CRÍTICADECINE
Te veré en las películas
Todo el mundo tiene grabadas en la memoria escenas del cine musical, sea su género favorito o no. Recuerdo maravillas clásicas como Camelot, de Joshua Logan; o Brigadoon, de Vincent Minelli; o la indispensable, divertida y optimista Cantando bajo la lluvia, de Stanley Donen, y, grabadas en el recuerdo, las piernas de Cyd Charisse que junto al elegante Fred Astaire se marcaban un número memorable en Melodías de Broadway, también de Minelli, sin olvidar a Christopher Walken bailando sobre la barra de un bar en la injustamente olvidada y arrinconada Dinero caído del cielo, de Herbert Ross.

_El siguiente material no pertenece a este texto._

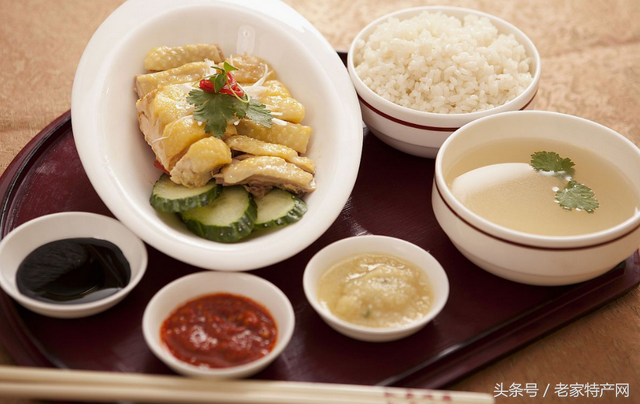 海南鸡饭，流传海外竟成了新加坡国菜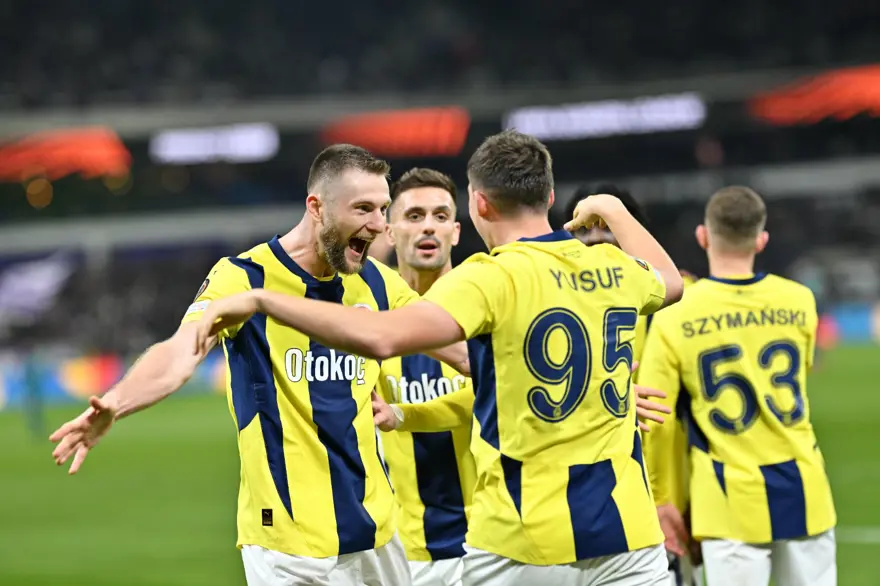 Fenerbahçe Belçika'da turladı: Son 16 biletini kaptı 5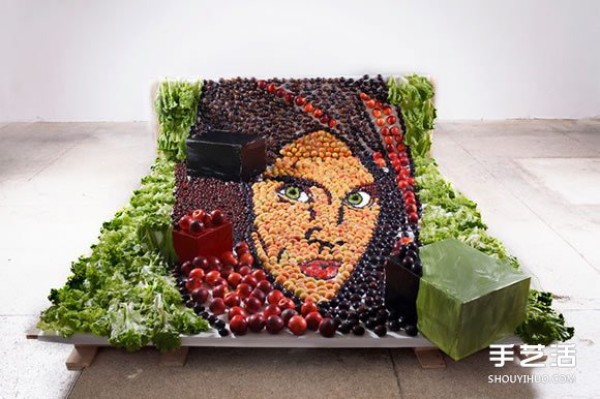 Use visual dislocation from a specific angle to create large-scale food art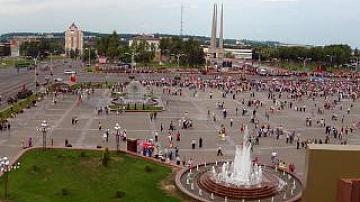 Витебск отмечает 73 годовщину освобождения от немецко-фашистских захватчиков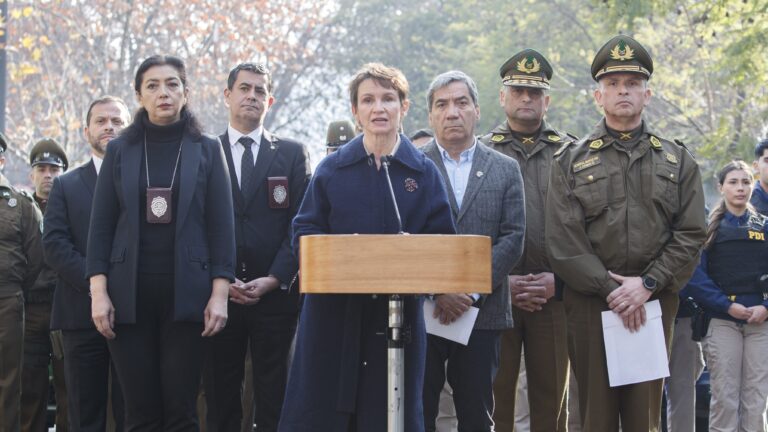 Ministra Tohá sale en defensa del Plan Calles Sin Violencia y asegura que homicidios en la RM se mantuvieron estables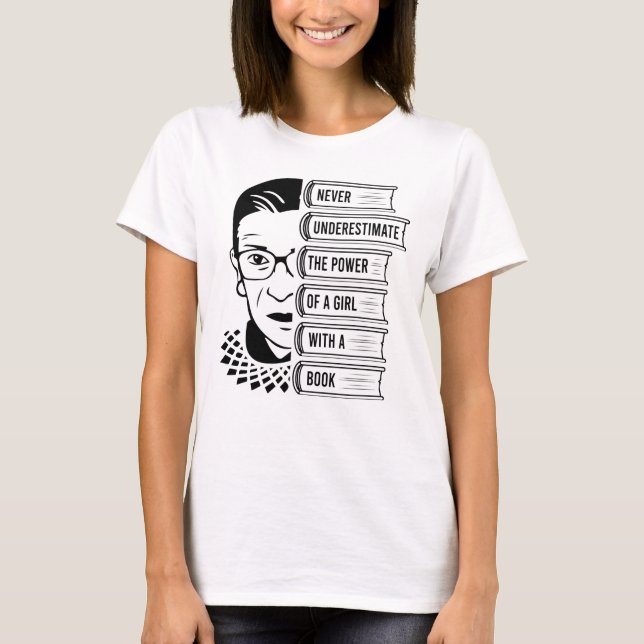 Camiseta Nunca subestimes el poder del Chica con el libro (Anverso)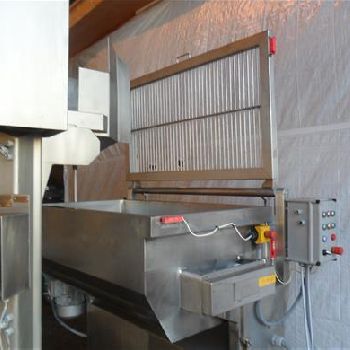 Velati Mixer300 twin shaft paddle mixer and tote bin hoist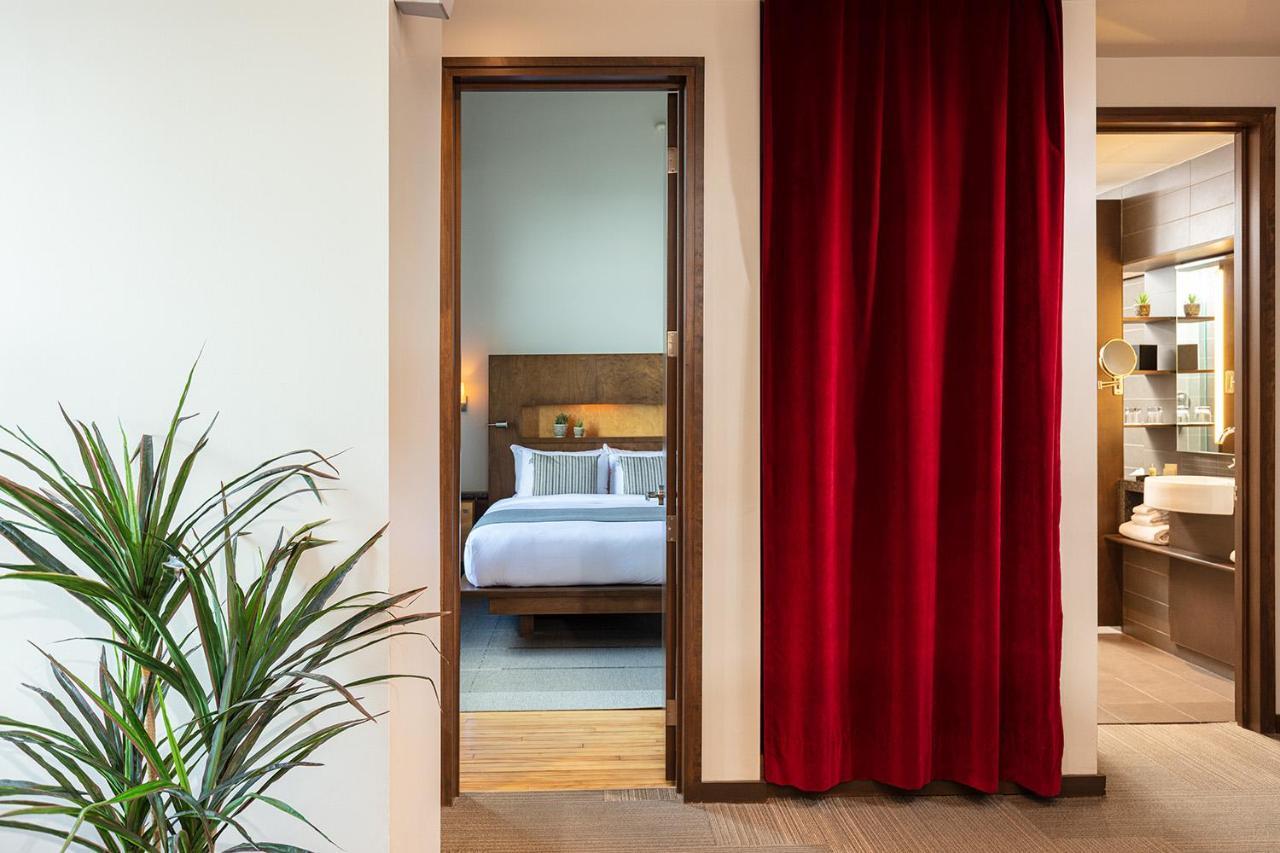 Hotel 71 By Preferred Hotels & Resorts Квебек Екстериор снимка
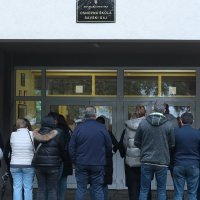 Prosvjed roditelja zbog problematičnog učenika ispred škole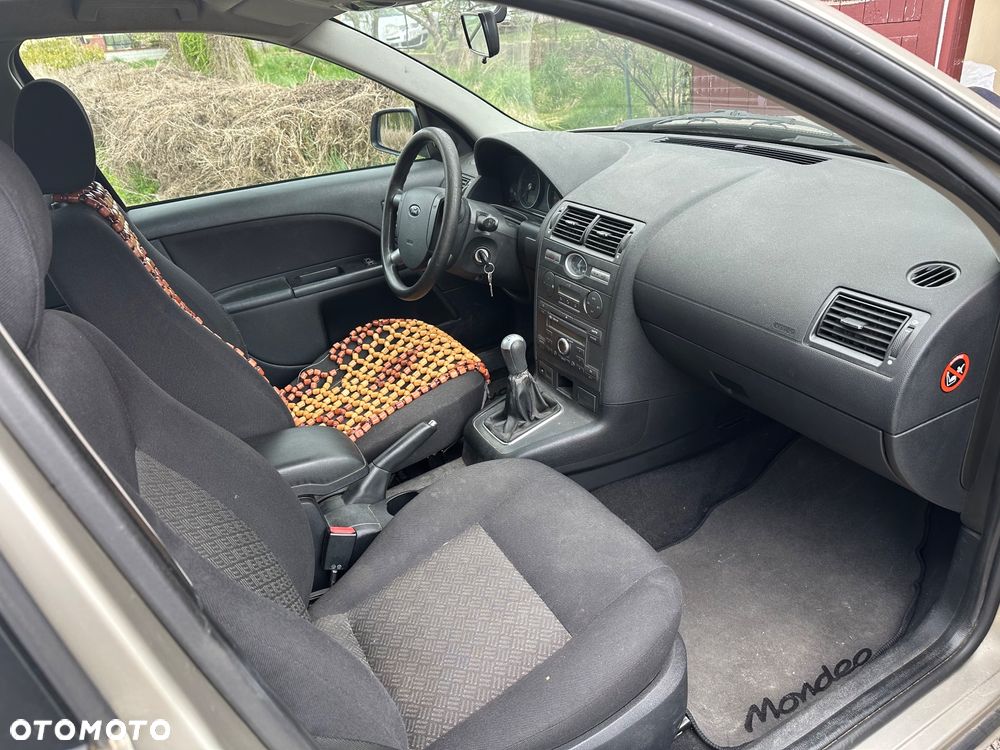 Ford Mondeo - 12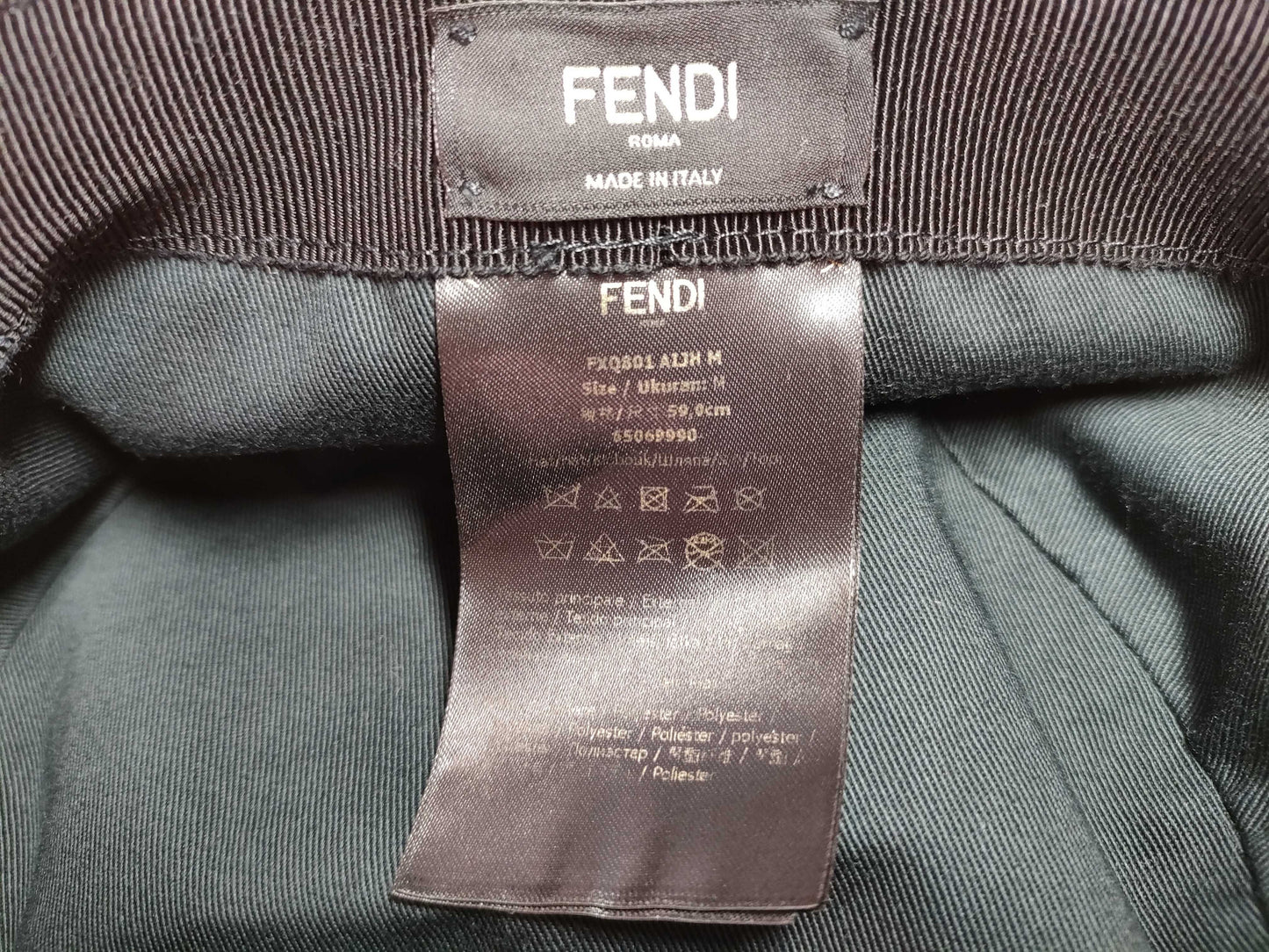 FENDI bucket hat and other accessories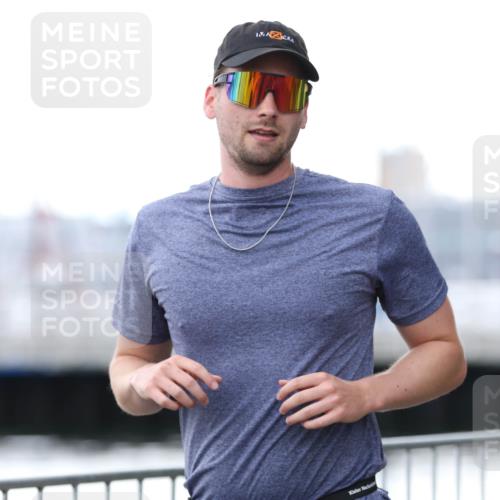 16.08.2026 - KN Förde Triathlon 2026 Antke Förster http://msf.ph/oto/10005742 16.08.2026 13:42:45 Laufen 631 meine-sportfotos.de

Y eso que el musical no me apasiona. Ahora, con La La Land hay que rendirse a la evidencia, a la enorme belleza estética que respira esta película, a la brillante historia de amor que cuenta entre un músico con nostalgia del jazz con mayúsculas y una aspirante actriz en la ciudad de los sueños, en ocasiones rotos, que es Los Ángeles. Visualmente es una preciosidad; sus números musicales, de una calidad incuestionable, sin dejarse llevar por lo melindroso, y con unos actores en estado de gracia que saben hacer de todo admirablemente. Damien Chazelle se arrima a lo clásico para contar una historia de legítimas ambiciones personales y de ternura compartida, pese a aquella frase que nos dice que el amor es eterno mientras dura. Y en estos dos personajes a los que la vida se los lleva donde ella quiere, en esa extraordinaria elipsis del recorrido que trazarán ambos, en esa ensoñación de lo que pudo ser pero no fue, se destila un melancólico encanto, una complicidad que solo poseen los amantes libres y una amargura consentida tan profunda que emociona.